Remember that these $\beta$ shift the intercept above or below the base case, Single. So in this example someone who is married is expected to make \$40,000 more than someone who is single (given the other $X$ variables are the same.) If someone is married, we could just add 40,000 to the intercept term and the rest of the equation is identical.
Any good method of finding the "average" of a categorical variable should be able to clearly handle the obvious cases.
First, if the vast majority of the category belongs to one class, the "average" class effect should look very similar to the predominant class effect. By using class proportions, if the vast majority of the data set is married, the "average" person would have income very near that of a married person. Similarly, if the vast majority is single, no major adjustment (intercept shift) would be made from the base case.
Second, if half of the categorical variable is one class and nearly half of it is another class, then the "average" effect should be somewhere between the two classes.
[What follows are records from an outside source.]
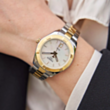 Saat Tissot PR 100 Sport Chic T1019102211100
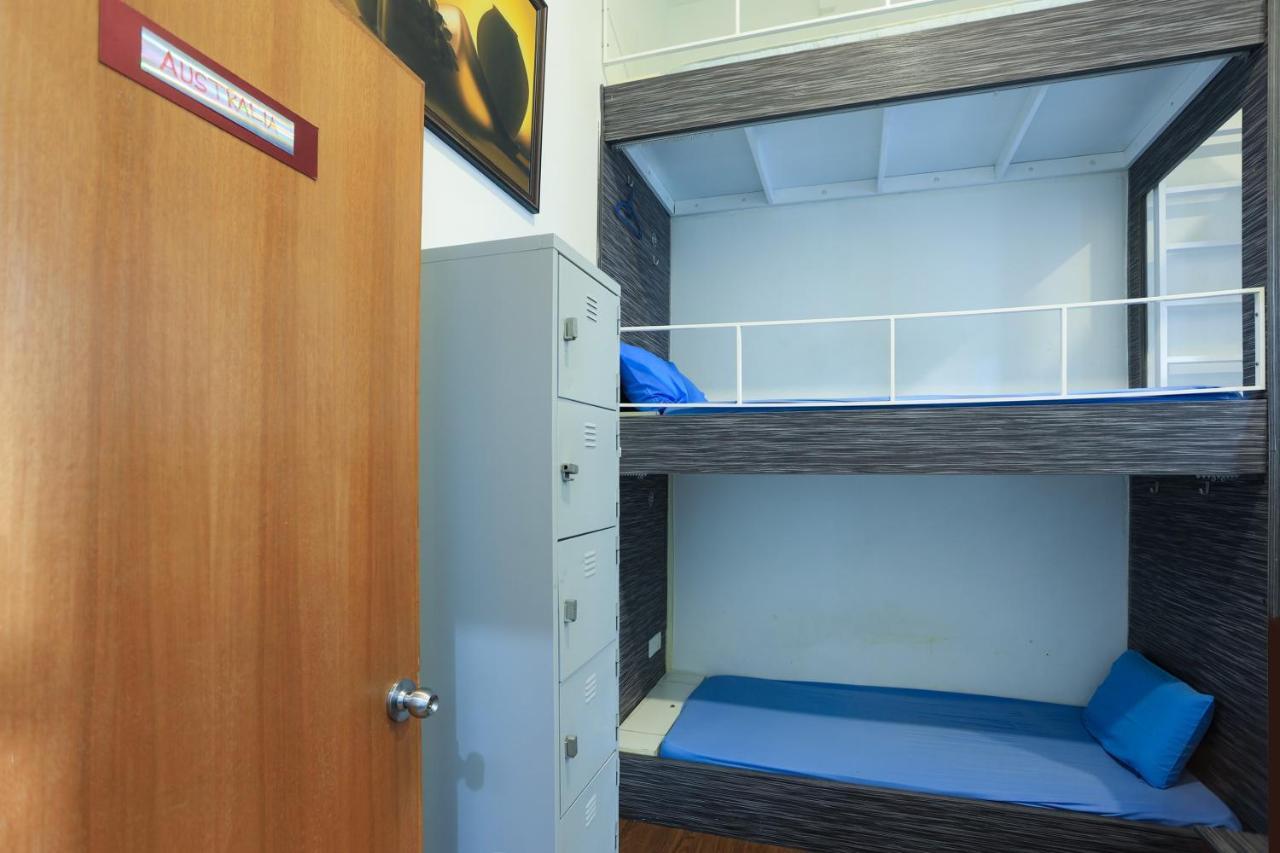 Spot On 90236 Zigzag Travellers Hotel 2*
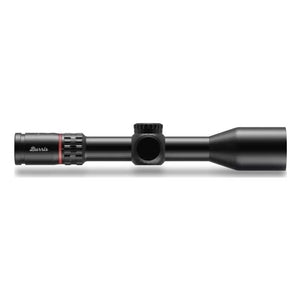 BURRIS ELIMINATOR 6    4-20x52 SCOPE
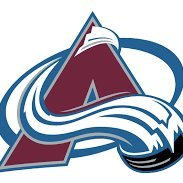 Daniel Robinson
Comm2074 - VT
Avalanche Fan Project (Unofficial Account)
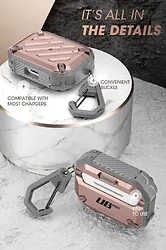 I BLASON-UAIRDR19UBRVENU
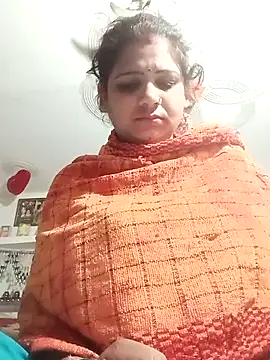 Rani sahiba online show from April 8, 2026, 10:44 pm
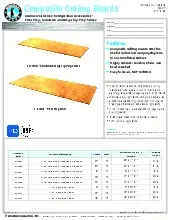 hoshizaki-hs-5267-cutting-board-wood-specsheet-251119yj59yr.pdf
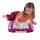 Tomy - Tabla magnetica Princess Megasketcher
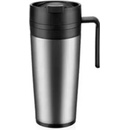 TESCOMA Constant 400 ml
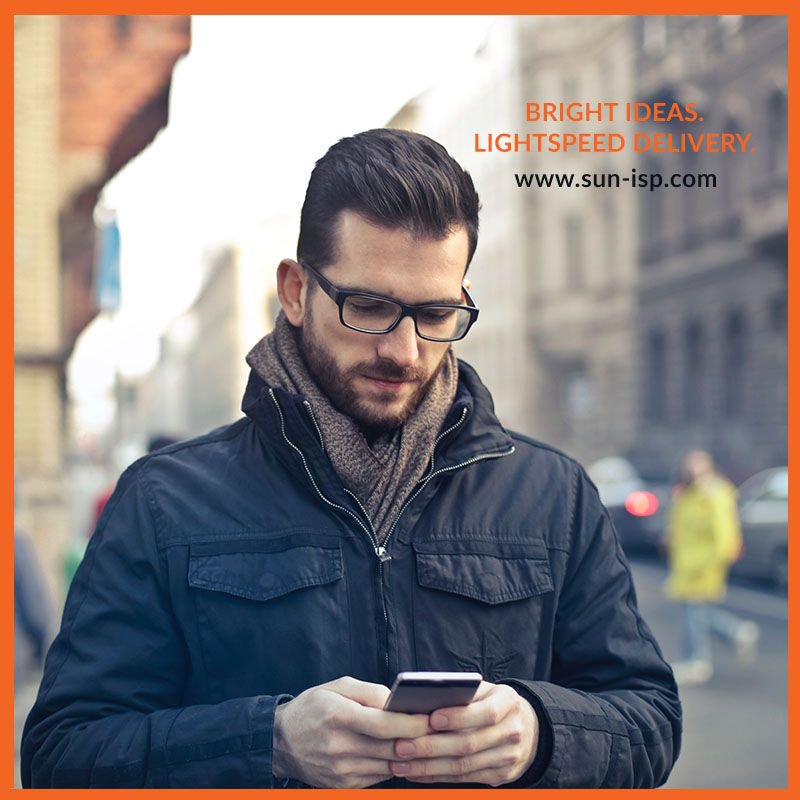 sunisp's tweet photo. Are you missing sales calls? With SunISP Telecom you can transfer your phone calls to any mobile phone. Enjoy free Vmail, free calling in the US among other features. 

#sunisptelecom #VoIP #phonebusiness #phoneservices #businessphoneservices #pbx #pbxfree #companysolutions #usa https://t.co/c86S92rx54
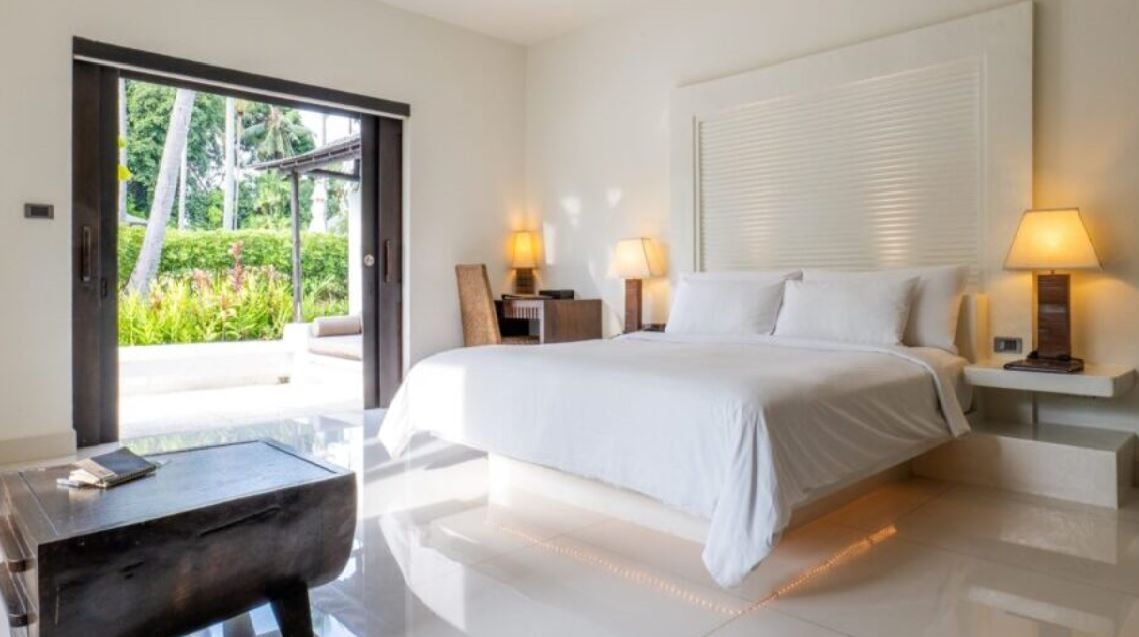 rooms-deluxe-villa-with-pool-view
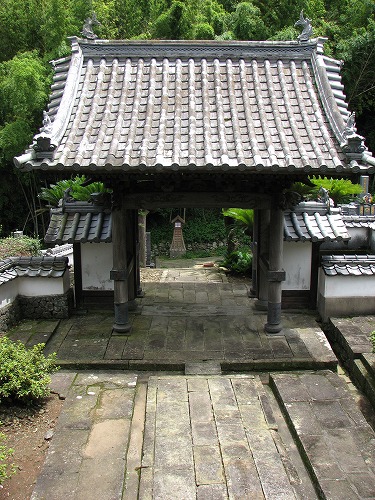 光明寺8
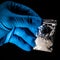 Fentanyl 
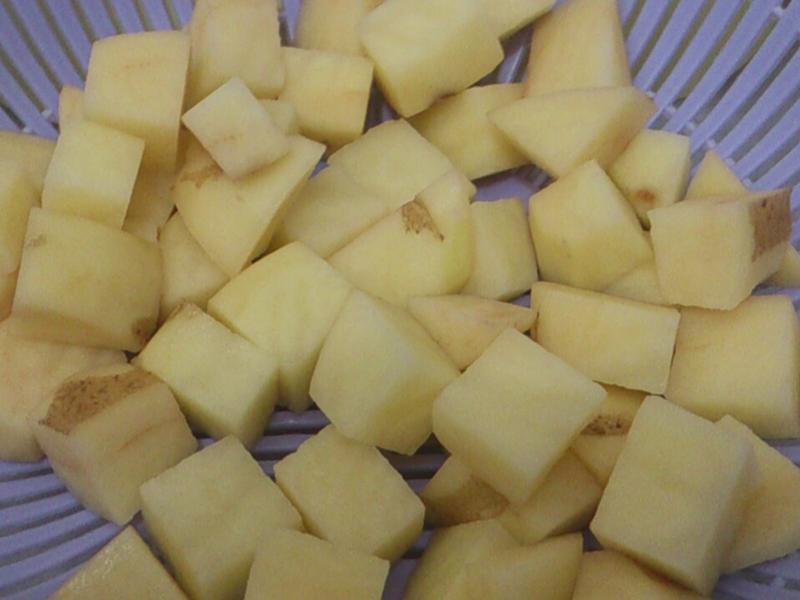 �ҳ��㷹: �ƽ�����ţ����������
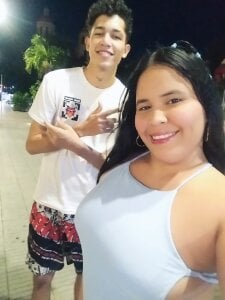 Public de Lunacora  5 Imagens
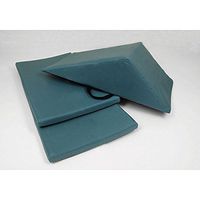 Anti-Microbial Positioning Pads 3-Piece MRI Pad Set for GE 1.5-T & 3.0-T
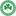 AC Omonia Nikosia logo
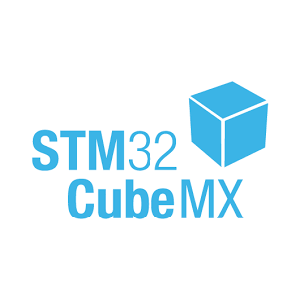 STM32CubeMX 6.17.0 + حزمة 2026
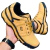 ZAPATOS CATERPILLAR HOMBRES en internet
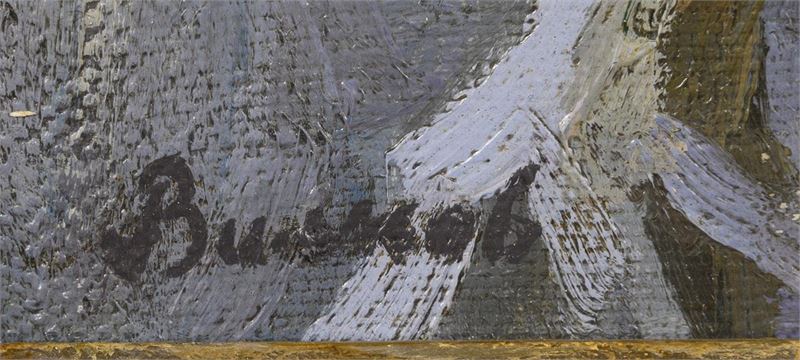0474_333.jpg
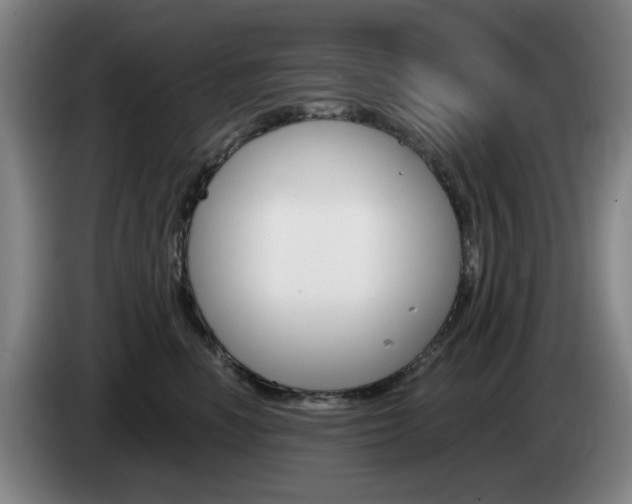 X0000085260666200703090856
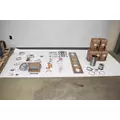 DETROIT DIESEL Series 60 DDEC III 12.7L Engine Reman Kit thumbnail 1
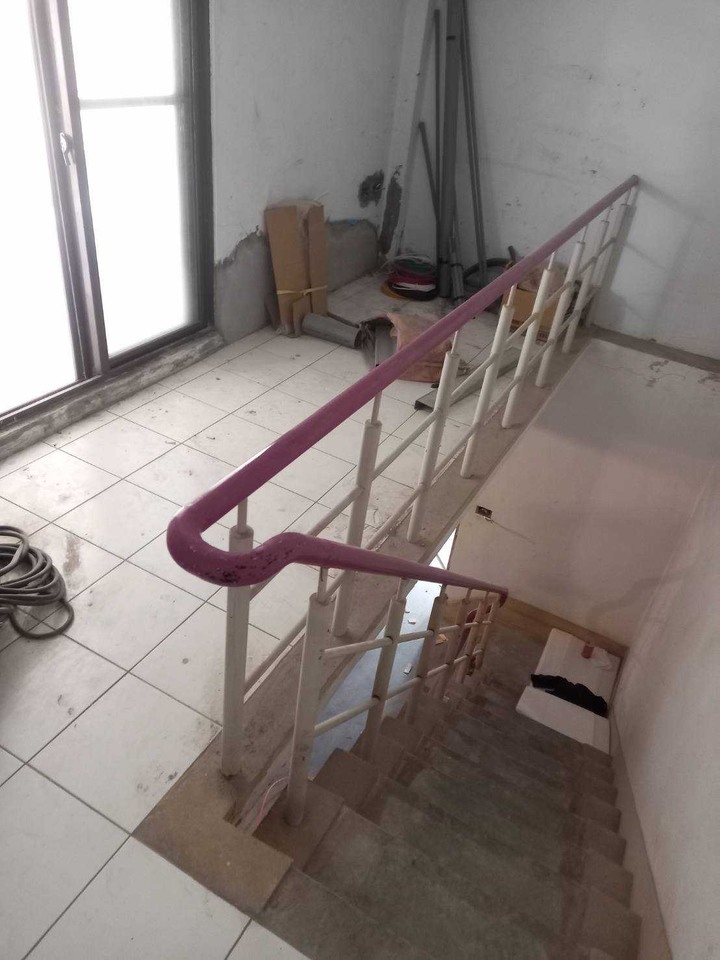[開箱]淡水透天 30年老屋翻新變親子溫馨宅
If half of the observations are married and the vast majority of the other observations are single, it makes sense that the "average" class has a \$20,000 higher $y$ value than someone who is just single.
This second point really gets to the crux of the argument. If half of the observations are married and the other half are single then the expected intercept shift due to marital status is 20,000, which is what is exactly accomplished using the class proportions method.
By using the class proportions, you are weighting the $\beta$ terms so the net effect is the expected intercept shift based on the distribution of classes for the category. To me this seems ideal. 
Although this example has focused on linear regression, I hope you could see how it would easily apply to logistic regression. instead of influencing real values, you're finding the expected intercept shift of the odds ratio.